Convert data types to proper format
df[["bore", "stroke"]] = df[["bore", "stroke"]].astype("float")
df[["normalized-losses"]] = df[["normalized-losses"]].astype("int")
df[["price"]] = df[["price"]].astype("float")
df[["peak-rpm"]] = df[["peak-rpm"]].astype("float")
Let us list the columns after the conversion
df.dtypes
symboling int64 normalized-losses int32 make object fuel-type object aspiration object num-of-doors object body-style object drive-wheels object engine-location object wheel-base float64 length float64 width float64 height float64 curb-weight int64 engine-type object num-of-cylinders object engine-size int64 fuel-system object bore float64 stroke float64 compression-ratio float64 horsepower object peak-rpm float64 city-mpg int64 highway-mpg int64 price float64 dtype: object
Wonderful!
Now we have finally obtained the cleaned dataset with no missing values with all data in its proper format.
Data Standardization
Data is usually collected from different agencies in different formats. (Data standardization is also a term for a particular type of data normalization where we subtract the mean and divide by the standard deviation.)
What is standardization?
Standardization is the process of transforming data into a common format, allowing the researcher to make the meaningful comparison.
Example
Transform mpg to L/100km:
In our dataset, the fuel consumption columns "city-mpg" and "highway-mpg" are represented by mpg (miles per gallon) unit.
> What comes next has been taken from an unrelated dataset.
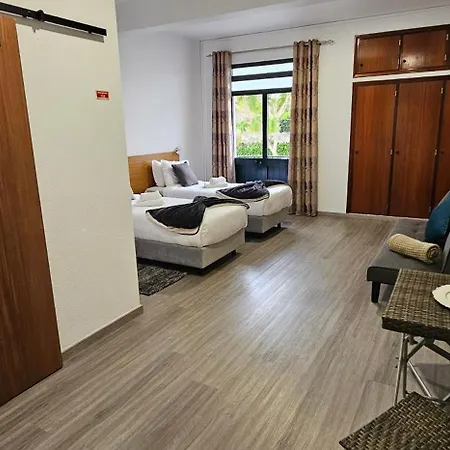 Lejlighed Mountain View Star *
Assume we are developing an application in a country that accepts the fuel consumption with L/100km standard.
We will need to apply data transformation to transform mpg into L/100km.
The formula for unit conversion is:
L/100km = 235 / mpg
We can do many mathematical operations directly in Pandas.
df.head()
| symboling | normalized-losses | make | fuel-type | aspiration | num-of-doors | body-style | drive-wheels | engine-location | wheel-base | ... | engine-size | fuel-system | bore | stroke | compression-ratio | horsepower | peak-rpm | city-mpg | highway-mpg | price | |
|---|---|---|---|---|---|---|---|---|---|---|---|---|---|---|---|---|---|---|---|---|---|
| 0 | 3 | 122 | alfa-romero | gas | std | two | convertible | rwd | front | 88.6 | ... | 130 | mpfi | 3.47 | 2.68 | 9.0 | 111 | 5000.0 | 21 | 27 | 13495.0 |
| 1 | 3 | 122 | alfa-romero | gas | std | two | convertible | rwd | front | 88.6 | ... | 130 | mpfi | 3.47 | 2.68 | 9.0 | 111 | 5000.0 | 21 | 27 | 16500.0 |
| 2 | 1 | 122 | alfa-romero | gas | std | two | hatchback | rwd | front | 94.5 | ... | 152 | mpfi | 2.68 | 3.47 | 9.0 | 154 | 5000.0 | 19 | 26 | 16500.0 |
| 3 | 2 | 164 | audi | gas | std | four | sedan | fwd | front | 99.8 | ... | 109 | mpfi | 3.19 | 3.40 | 10.0 | 102 | 5500.0 | 24 | 30 | 13950.0 |
| 4 | 2 | 164 | audi | gas | std | four | sedan | 4wd | front | 99.4 | ... | 136 | mpfi | 3.19 | 3.40 | 8.0 | 115 | 5500.0 | 18 | 22 | 17450.0 |
5 rows × 26 columns
# Convert mpg to L/100km by mathematical operation (235 divided by mpg)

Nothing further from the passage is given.